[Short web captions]
== Segment start ==

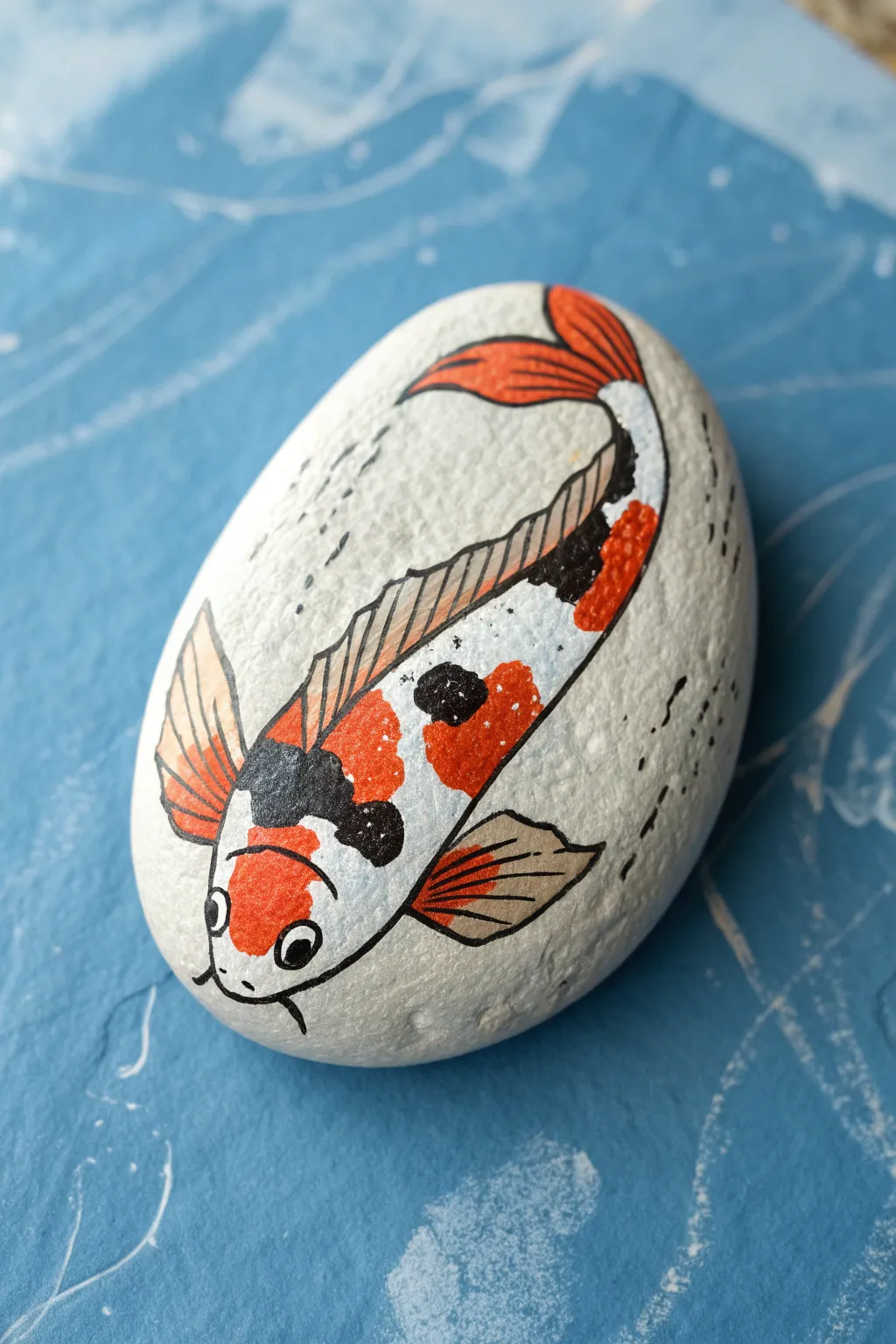 Oval koi rock painting with flowing fins, bold orange on calm blue ripples for serene vibes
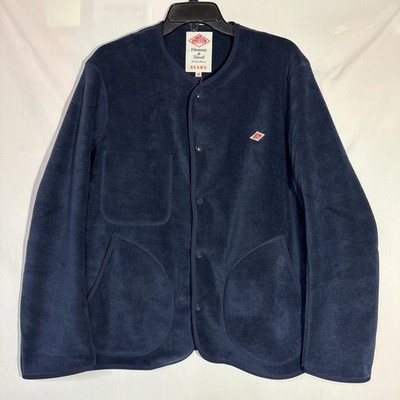 Danton BEAMS Collarless Fleece Jacket Navy Blue Medium New France Made In Japan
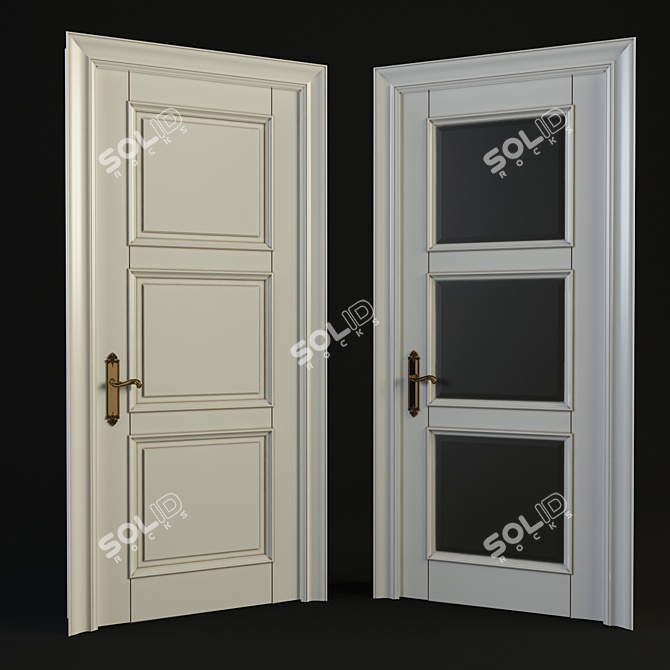 Elegant Glass Paneled Door 3D model image 1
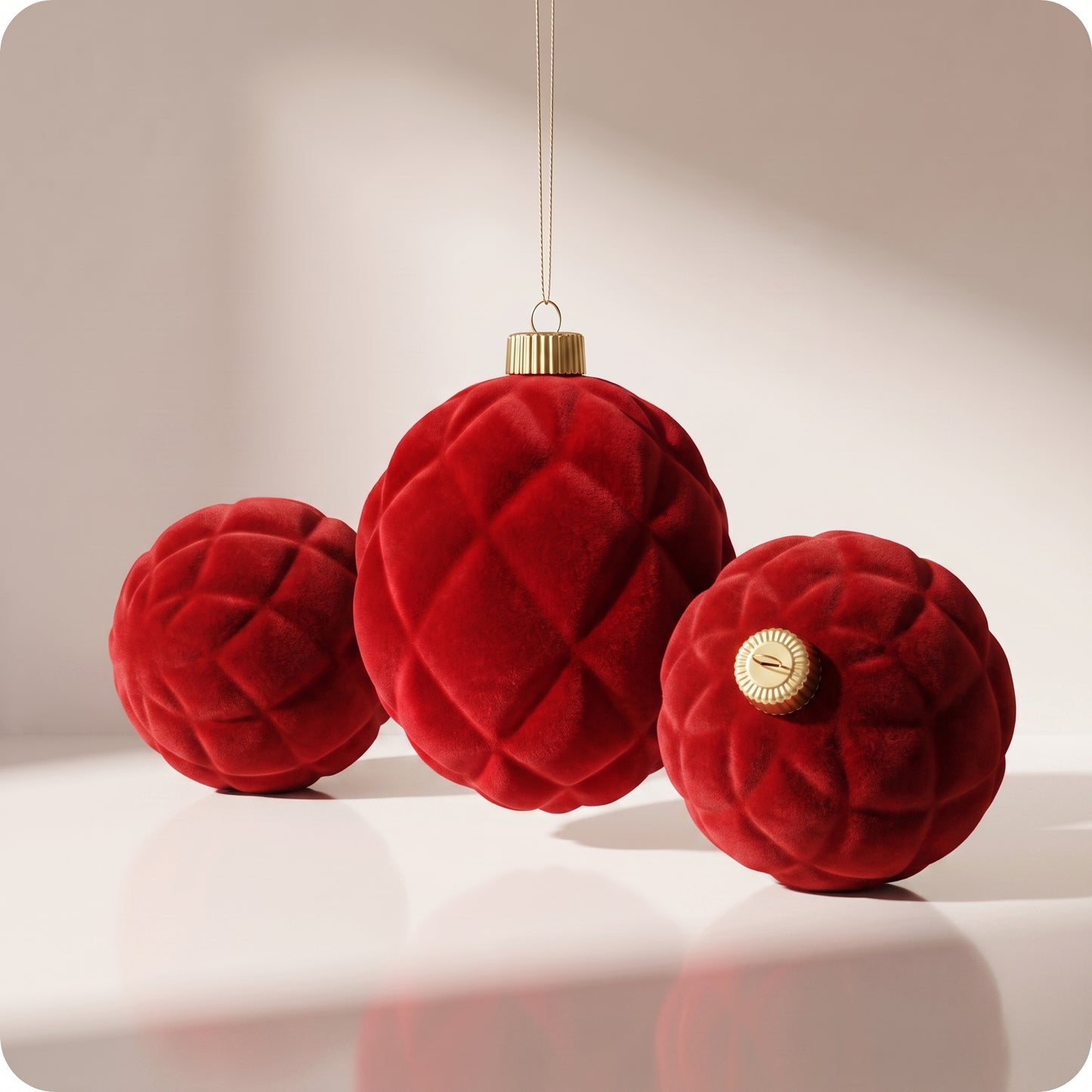 Esfera navideña de terciopelo rojo de rombos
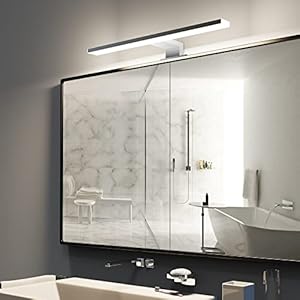 Aogled Led Spiegelleuchte Badezimmer 40 cm 10W 820LM 230V Neutralweiß 4000K,Edelstahl IP44 Class II Slim Bad…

== Segment end ==

The result should be all the records, retyped exactly, with no pictures among them.

 Oval koi rock painting with flowing fins, bold orange on calm blue ripples for serene vibes
 Danton BEAMS Collarless Fleece Jacket Navy Blue Medium New France Made In Japan
 Elegant Glass Paneled Door 3D model image 1
 Esfera navideña de terciopelo rojo de rombos
 Aogled Led Spiegelleuchte Badezimmer 40 cm 10W 820LM 230V Neutralweiß 4000K,Edelstahl IP44 Class II Slim Bad…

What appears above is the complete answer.